FREQUENTLY ASKED QUESTIONS - ELECTRIC

INDEX:

Customer Charge

Energy Charge

Cost of Debt Adjustment

Fuel Adjustment Charge/Energy Cost Recovery Rate

Energy Cost Recovery Charge

Fuel Adjustment Charge

Profit from Fuel Recovery Mechanisms

Read Your Electric Meter

 

What Is A Customer Charge?

Customer charge (also known as: Service charge, Service Availability, Availability charge, Service Availability charge, Base Rate charge, or Basic service) is a flat charge applied each month regardless of the amount of kilowatt hours (kWh) used. The charge covers such items as customer accounting, mailing, billing and metering and therefore is charged even if the customer has had no usage for that month.

What Is An Energy Charge?

Energy charge (also known as: usage charge, charge for electric service, or referred to by rate schedule or rate code name) is the charge for the electricity used by an electric customer during the billing period, measured in kilowatt hours, multiplied by the applicable rate.

What Is A Cost Of Debt adjustment?

At the time that rates are set for an electric cooperative, an amount to recover the estimated debt costs is included in the cooperative’s monthly base rates. Quarterly, the cooperative compares the amount of debt costs collected through its base rates and the actual debt costs incurred in its operations. The difference between the debt costs actually incurred by the utility and the amount recovered through its base rates is either refunded to or collected from customers the following quarter through the cost of debt adjustment. The quarterly cost of debt adjustment may also be called a debt cost adjustment or debt adjustment.

What Is An Electric Utility Fuel Adjustment Charge And An Energy Cost Recovery Rate?

Electric utilities recover the cost of fuel and purchased energy through two basic mechanisms. Investor-owned utilities recover fuel and purchased energy through an energy cost recovery rate and electric distribution cooperatives recover fuel and purchased energy through a fuel adjustment charge. The primary differences between the energy cost recovery mechanism used by the investor-owned utilities and the fuel adjustment mechanism used by the cooperatives are that the energy cost recovery rate recovers all fuel costs through a single rate adjusted annually and the fuel adjustment recovers fuel costs through a base rate and fuel adjustment charge adjusted monthly.

What Is The Energy Cost Recovery Charge?

Investor-owned utilities recover all of their fuel and purchased energy costs through an energy cost recovery rate. The energy cost recovery rate is based on the estimated cost of fuel and purchased energy. Once the cost is determined, it is charged for an entire year. Annually, the company compares the amount of fuel and purchased energy costs collected through the energy cost recovery rate and the actual fuel and purchased energy costs incurred by the utility in its operations. The difference between the amount actually incurred by the utility and the amount recovered through the energy cost recovery rate is either refunded or collected from customers the following year. The energy cost recovery rate is also known as a fuel charge.

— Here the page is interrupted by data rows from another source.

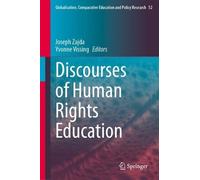Joseph Zajda Discourses of Human Rights Education (Copertina rigida)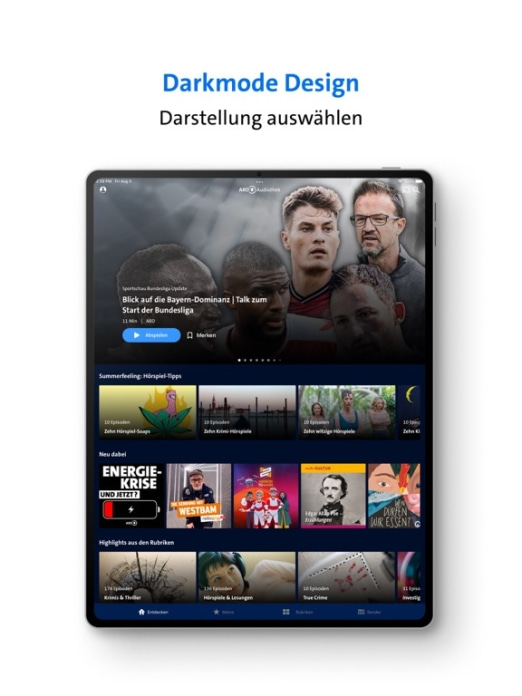 ARD Audiothek Tablet-Screenshot9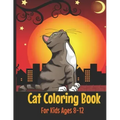 Cat Coloring Book: Cute Cat Coloring Book for Kids Ages 8-12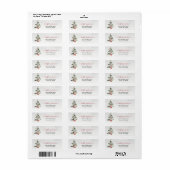 Hearthlight Notes Winter Cozy Kitten Persoonlijk Etiket (Full Sheet)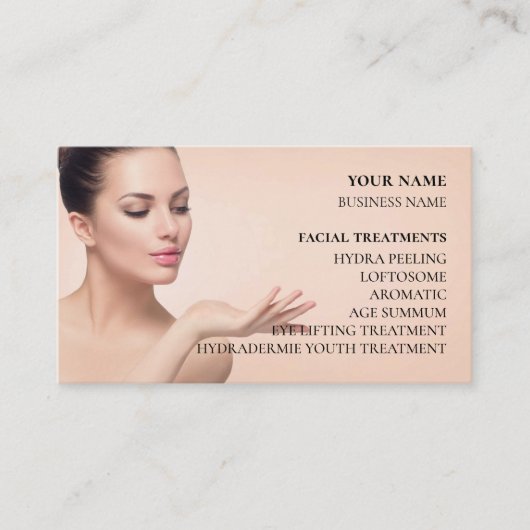 スキンケア&美しいサロン 名刺 (正面)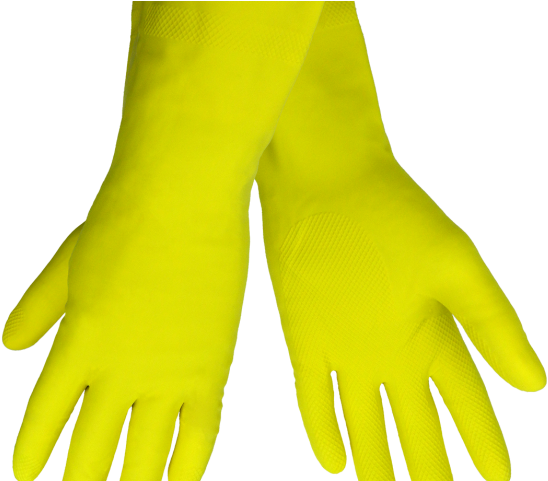 Gloves Clipart Latex Glove - Yellow Gloves Transparent (640x480)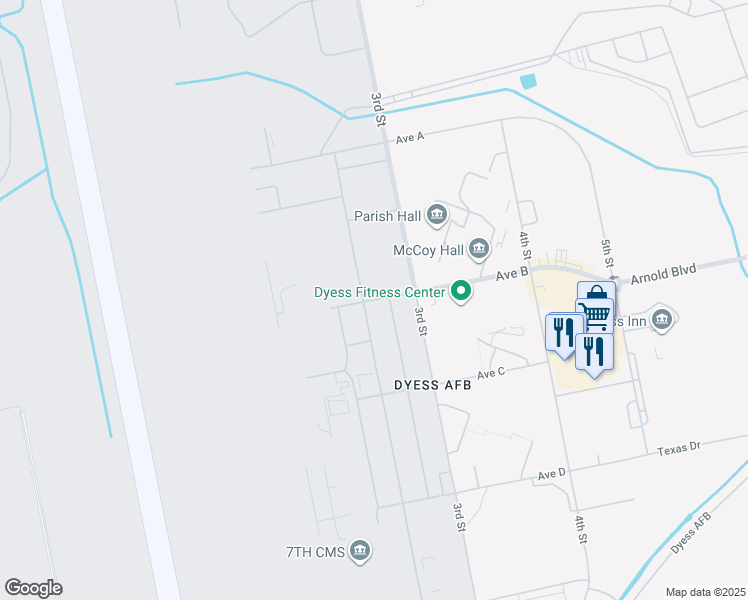 map of restaurants, bars, coffee shops, grocery stores, and more near 946 Avenue B in Abilene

What Is The Fuel Adjustment Charge?

At the time that rates are set for an electric cooperative, an amount to recover the estimated fuel costs is included in the cooperative’s monthly base rates. Monthly, the cooperative compares the amount of fuel costs collected through its base rates and the actual fuel costs incurred in its operations. The difference between the fuel costs actually incurred by the utility and the amount recovered through its base rates is either refunded to or collected from customers the following month through the monthly fuel adjustment charge. The monthly fuel adjustment may also be called a cost of energy adjustment or energy cost adjustment.

Do Electric Utilities Profit From The Fuel And Purchased Power Recovery Mechanisms?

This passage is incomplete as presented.